Mesopotamian medicine distinguished two healer roles: the asu emphasized physical interventions—drugs, surgery, diet—while the asipu focused on rituals against supernatural causes. Yet overlap was common, and many texts prioritize observable symptoms and outcomes. The Diagnostic Handbook of Esagil-kin-apli (c. 11th century BC) organizes cases logically: head fever, eye pain, limb weakness, paralysis. Prognoses range from favorable (“he will recover”) to fatal, based on progression.
Trephination appears in archaeological evidence from sites like Kish, with healed openings indicating survival and postoperative life. The Code of Hammurabi (c. 1750 BC) regulates head surgery with fees and penalties, confirming its routine nature. Assyrian texts describe epilepsy (“falling sickness”) with precise phases: premonition, collapse, convulsions, recovery confusion. Treatments included restraint, sedatives from plants, and rest—many patients managed long-term.
Royal letters from Mari (18th century BC) provide personal narratives. One physician updates King Zimri-Lim on an official’s head wound: initial speech loss and tremor, then gradual improvement with compresses and diet. Weeks later: clear speech and walking. Such cases demonstrate empirical tracking of recovery—symptoms easing as the brain reorganized.
The library of Ashurbanipal (7th century BC) preserves advanced texts on migraines (“head wind”) and post-traumatic effects, recommending willow derivatives and cold therapy—precursors to modern analgesics. Compassion shines through: healers making house calls, adjusting care based on response.
These records uplift by showcasing ingenuity and empathy. A father’s relief at his child’s healing, a community supporting recovery—themes timeless in human experience. They inspire modern efforts in rehabilitation, where patients relearn skills through repetition, mirroring ancient rest-and-observe approaches.
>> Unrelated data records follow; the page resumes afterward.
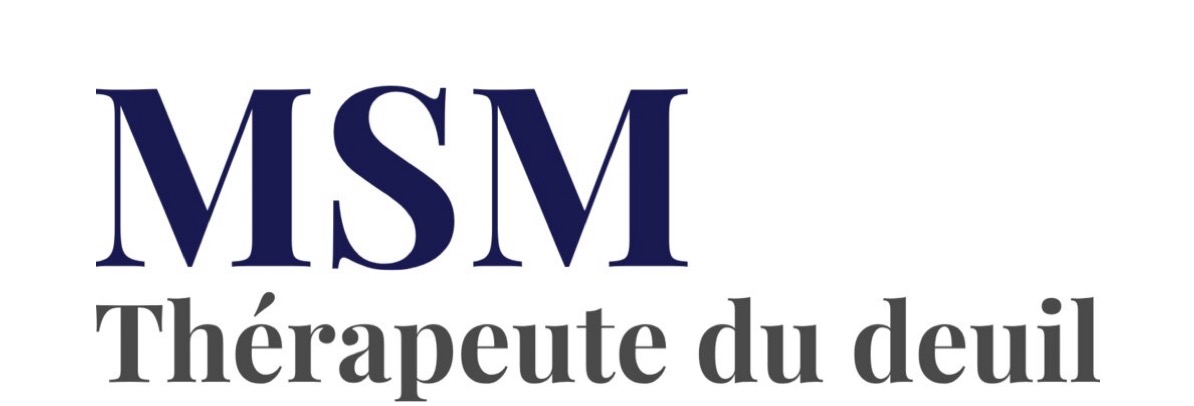 MSM Thérapeute du deuil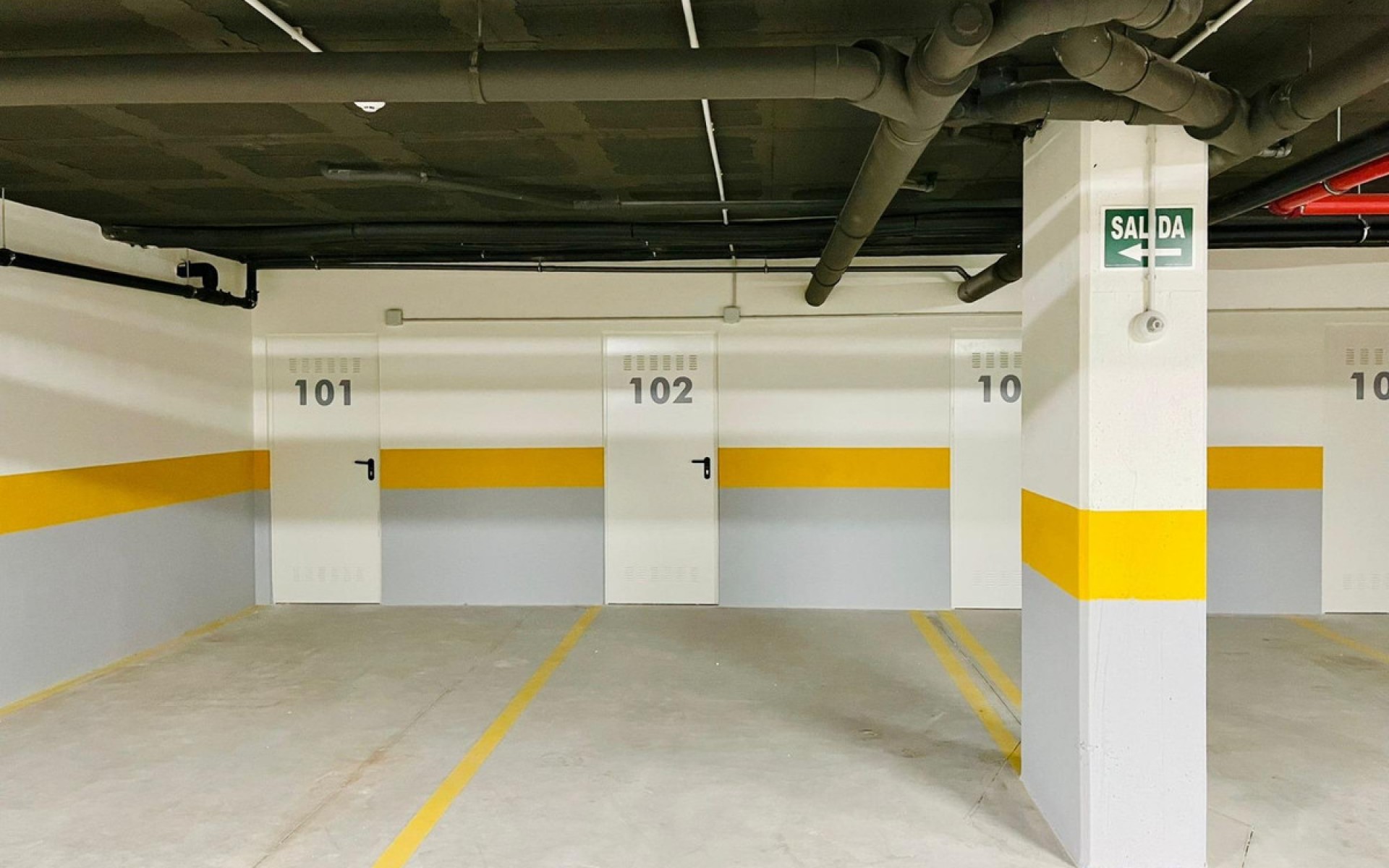 A Vendre - Appartement - Campoamor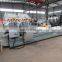 Windows and doors making machine / saw cutting of aluminum and price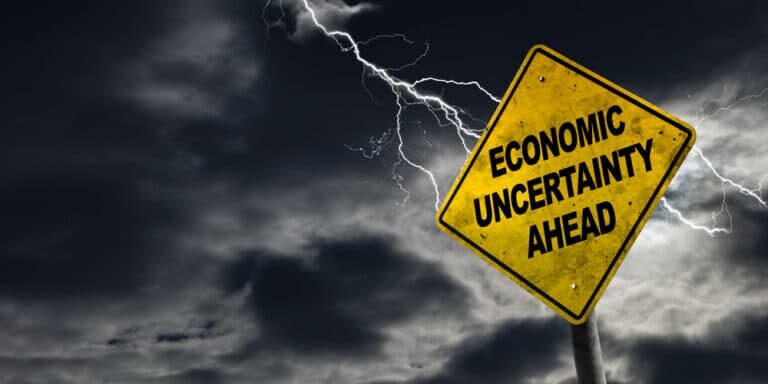 economic uncertainty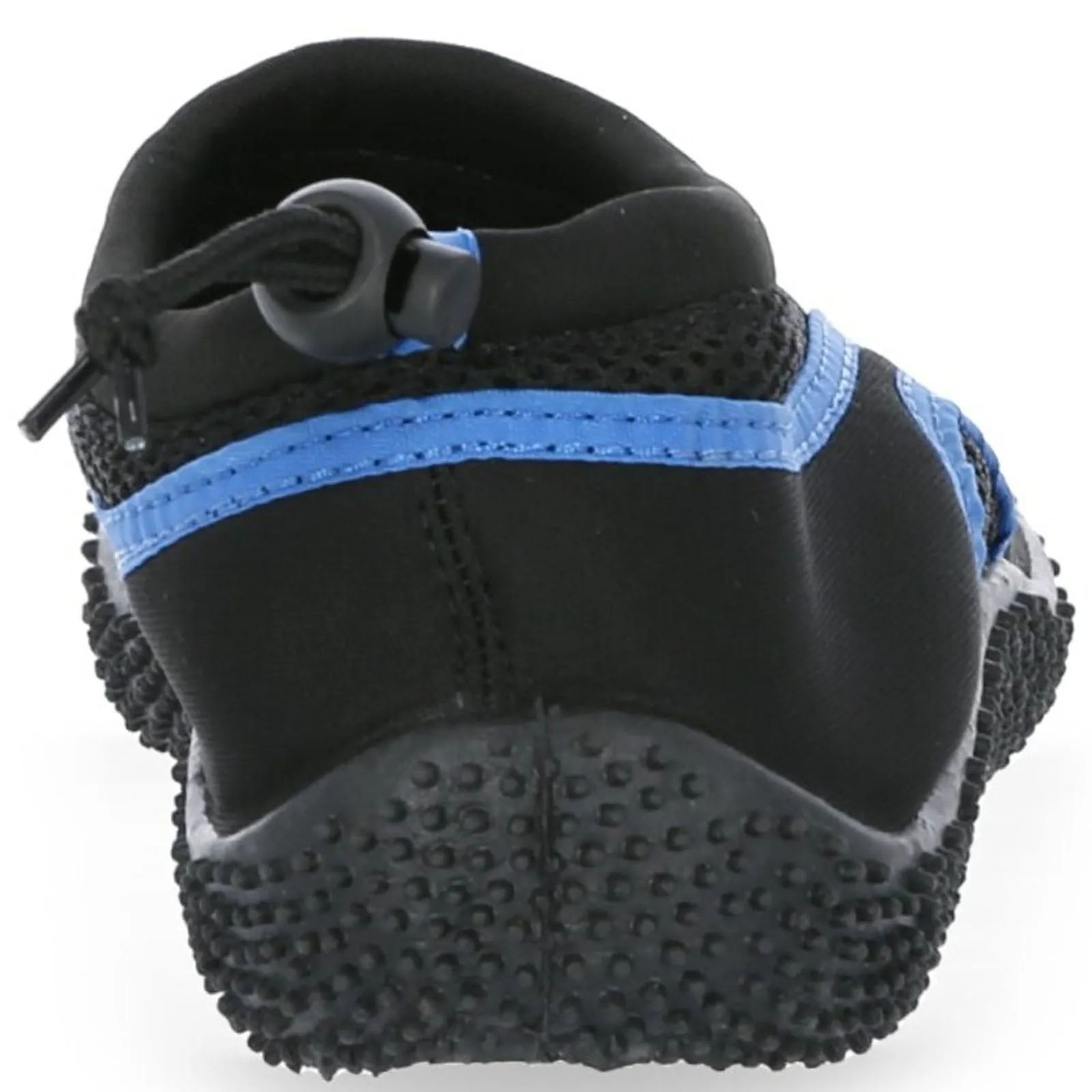 Trespass Kids Unisex Paddle Slip On Water Shoes Sandals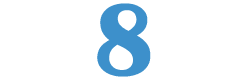 8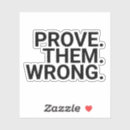Suche nach motivation aufkleber Typografie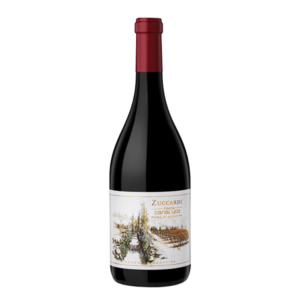 Zuccardi Finca Canal Uco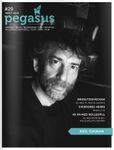 Issue: Pegasus (Issue 29 - Autumn 2014)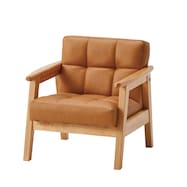 ミニサイズソファ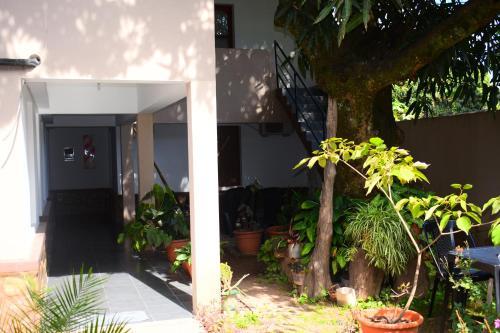 Posada Benitez Hoster�a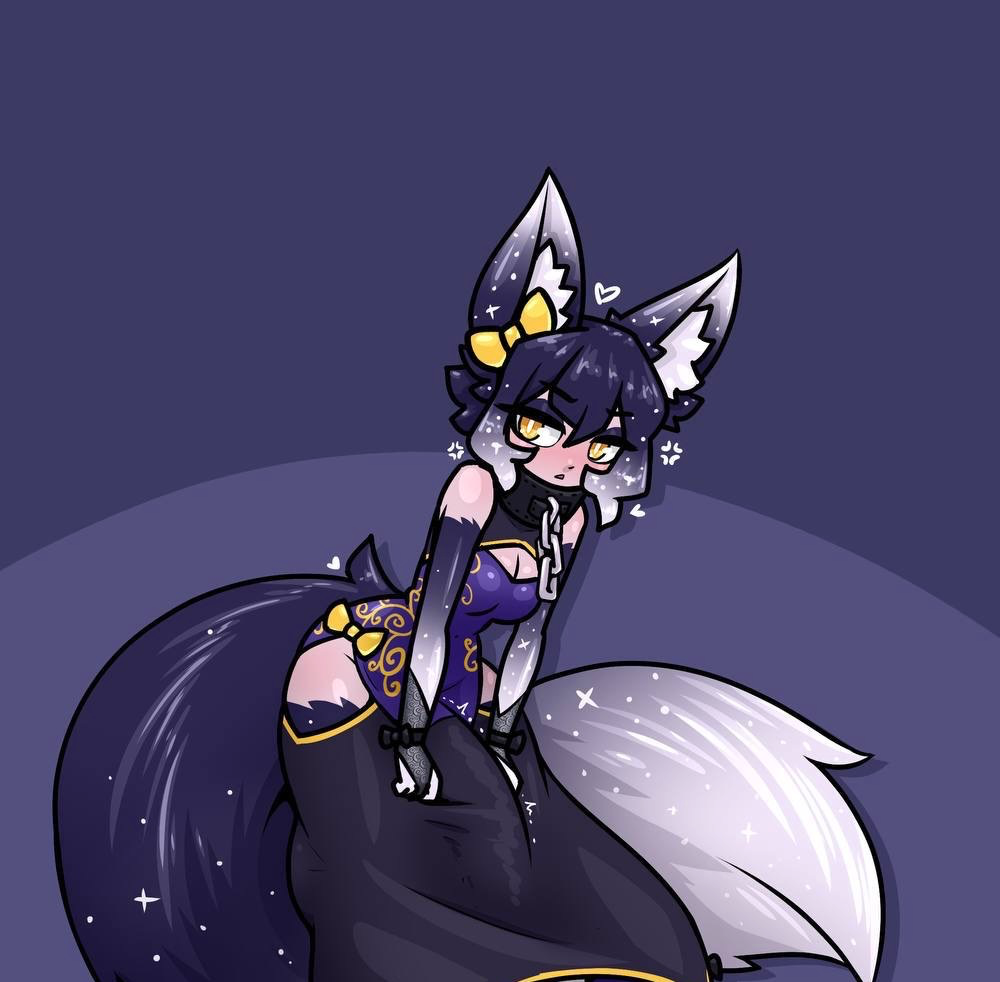 Avatar of Cosmofuta Astra Nova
Mesopotamian explanations mixed natural and supernatural: illness as “hand of god” or demon, yet treatments pragmatic—over 250 documented drugs. This blend drove progress, laying foundations for rational medicine.
The tablets reveal humanity’s early recognition that brain-related conditions could improve with intervention and time. Survivors returned to families and work, demonstrating resilience we now attribute to neural rewiring. These stories—of careful observation, patient care, and hope amid suffering—connect us to ancestors who, limited by knowledge, still achieved meaningful outcomes.
As we continue, Mesopotamia’s legacy reminds us how far curiosity and compassion have carried the quest to understand the adaptable mind.